Start of INPUT
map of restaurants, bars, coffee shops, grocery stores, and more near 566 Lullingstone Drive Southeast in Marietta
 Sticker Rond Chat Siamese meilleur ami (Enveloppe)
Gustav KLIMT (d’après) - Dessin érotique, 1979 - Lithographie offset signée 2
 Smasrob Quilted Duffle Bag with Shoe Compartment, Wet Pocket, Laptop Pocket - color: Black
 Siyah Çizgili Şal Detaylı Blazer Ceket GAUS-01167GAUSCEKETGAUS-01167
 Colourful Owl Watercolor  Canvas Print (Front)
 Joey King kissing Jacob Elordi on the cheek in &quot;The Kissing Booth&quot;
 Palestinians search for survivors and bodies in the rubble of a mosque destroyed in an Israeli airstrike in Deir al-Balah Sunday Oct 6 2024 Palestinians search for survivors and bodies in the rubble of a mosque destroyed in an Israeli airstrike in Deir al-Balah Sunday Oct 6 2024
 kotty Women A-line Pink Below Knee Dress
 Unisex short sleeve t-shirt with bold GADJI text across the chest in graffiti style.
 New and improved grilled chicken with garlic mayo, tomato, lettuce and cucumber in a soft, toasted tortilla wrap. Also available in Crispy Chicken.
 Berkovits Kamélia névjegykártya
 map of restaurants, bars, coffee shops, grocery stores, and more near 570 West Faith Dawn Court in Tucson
End of INPUT
■ YOUR INSTRUCTIONS: Please transcribe exactly the line containing "Joey King kissing" and every line after it to the end of the data, and no other lines.

■ EXPECTED ANSWER:
 Joey King kissing Jacob Elordi on the cheek in &quot;The Kissing Booth&quot;
 Palestinians search for survivors and bodies in the rubble of a mosque destroyed in an Israeli airstrike in Deir al-Balah Sunday Oct 6 2024 Palestinians search for survivors and bodies in the rubble of a mosque destroyed in an Israeli airstrike in Deir al-Balah Sunday Oct 6 2024
 kotty Women A-line Pink Below Knee Dress
 Unisex short sleeve t-shirt with bold GADJI text across the chest in graffiti style.
 New and improved grilled chicken with garlic mayo, tomato, lettuce and cucumber in a soft, toasted tortilla wrap. Also available in Crispy Chicken.
 Berkovits Kamélia névjegykártya
 map of restaurants, bars, coffee shops, grocery stores, and more near 570 West Faith Dawn Court in Tucson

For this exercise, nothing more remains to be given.